Lixisenatide in Patients with Type 2 Diabetes and Acute Coronary Syndrome

Marc A Pfeffer; Brian Claggett; Rafael Diaz; Kenneth Dickstein; Hertzel C Gerstein; Lars V Køber; Francesca C Lawson; Lin Ping; Xiaodan Wei; Eldrin F Lewis; Aldo P Maggioni; John J V McMurray; Jeffrey L Probstfield; Matthew C Riddle; Scott D Solomon; Jean-Claude Tardif; ELIXA Investigators

doi:10.1056/NEJMoa1509225

Lixisenatide in Patients with Type 2 Diabetes and Acute Coronary Syndrome

Marc A Pfeffer, Brian Claggett, Rafael Diaz, Kenneth Dickstein, Hertzel C Gerstein, Lars V Køber, Francesca C Lawson, Lin Ping, Xiaodan Wei, Eldrin F Lewis, Aldo P Maggioni, John J V McMurray, Jeffrey L Probstfield, Matthew C Riddle, Scott D Solomon, Jean-Claude Tardif, ELIXA Investigators

Research output: Contribution to journal › Journal article › Research › peer-review

1818 Citations (Scopus)

Abstract

BACKGROUND: Cardiovascular morbidity and mortality are higher among patients with type 2 diabetes, particularly those with concomitant cardiovascular diseases, than in most other populations. We assessed the effects of lixisenatide, a glucagon-like peptide 1-receptor agonist, on cardiovascular outcomes in patients with type 2 diabetes who had had a recent acute coronary event.

METHODS: We randomly assigned patients with type 2 diabetes who had had a myocardial infarction or who had been hospitalized for unstable angina within the previous 180 days to receive lixisenatide or placebo in addition to locally determined standards of care. The trial was designed with adequate statistical power to assess whether lixisenatide was noninferior as well as superior to placebo, as defined by an upper boundary of the 95% confidence interval for the hazard ratio of less than 1.3 and 1.0, respectively, for the primary composite end point of cardiovascular death, myocardial infarction, stroke, or hospitalization for unstable angina.

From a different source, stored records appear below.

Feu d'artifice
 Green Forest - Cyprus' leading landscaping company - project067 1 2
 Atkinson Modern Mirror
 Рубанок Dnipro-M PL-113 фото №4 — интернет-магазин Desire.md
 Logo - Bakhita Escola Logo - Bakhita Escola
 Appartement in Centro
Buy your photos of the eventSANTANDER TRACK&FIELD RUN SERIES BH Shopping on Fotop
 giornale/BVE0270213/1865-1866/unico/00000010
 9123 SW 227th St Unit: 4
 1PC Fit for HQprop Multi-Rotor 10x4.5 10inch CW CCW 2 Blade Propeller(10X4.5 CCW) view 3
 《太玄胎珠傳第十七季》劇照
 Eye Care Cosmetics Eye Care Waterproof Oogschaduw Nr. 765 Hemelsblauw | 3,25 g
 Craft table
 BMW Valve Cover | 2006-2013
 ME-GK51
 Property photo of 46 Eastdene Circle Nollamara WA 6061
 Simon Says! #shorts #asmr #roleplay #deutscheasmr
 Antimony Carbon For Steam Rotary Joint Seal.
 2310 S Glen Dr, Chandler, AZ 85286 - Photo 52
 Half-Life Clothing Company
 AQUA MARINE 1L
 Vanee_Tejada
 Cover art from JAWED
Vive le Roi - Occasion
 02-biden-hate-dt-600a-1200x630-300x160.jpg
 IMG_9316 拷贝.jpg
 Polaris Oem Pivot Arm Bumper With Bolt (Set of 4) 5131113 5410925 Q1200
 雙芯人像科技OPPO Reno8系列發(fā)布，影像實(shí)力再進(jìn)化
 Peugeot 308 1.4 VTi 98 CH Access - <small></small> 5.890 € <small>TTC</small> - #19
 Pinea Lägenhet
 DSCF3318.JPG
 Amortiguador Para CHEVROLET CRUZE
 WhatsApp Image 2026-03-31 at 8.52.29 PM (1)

RESULTS: The 6068 patients who underwent randomization were followed for a median of 25 months. A primary end-point event occurred in 406 patients (13.4%) in the lixisenatide group and in 399 (13.2%) in the placebo group (hazard ratio, 1.02; 95% confidence interval [CI], 0.89 to 1.17), which showed the noninferiority of lixisenatide to placebo (P<0.001) but did not show superiority (P=0.81). There were no significant between-group differences in the rate of hospitalization for heart failure (hazard ratio in the lixisenatide group, 0.96; 95% CI, 0.75 to 1.23) or the rate of death (hazard ratio, 0.94; 95% CI, 0.78 to 1.13). Lixisenatide was not associated with a higher rate of serious adverse events or severe hypoglycemia, pancreatitis, pancreatic neoplasms, or allergic reactions than was placebo.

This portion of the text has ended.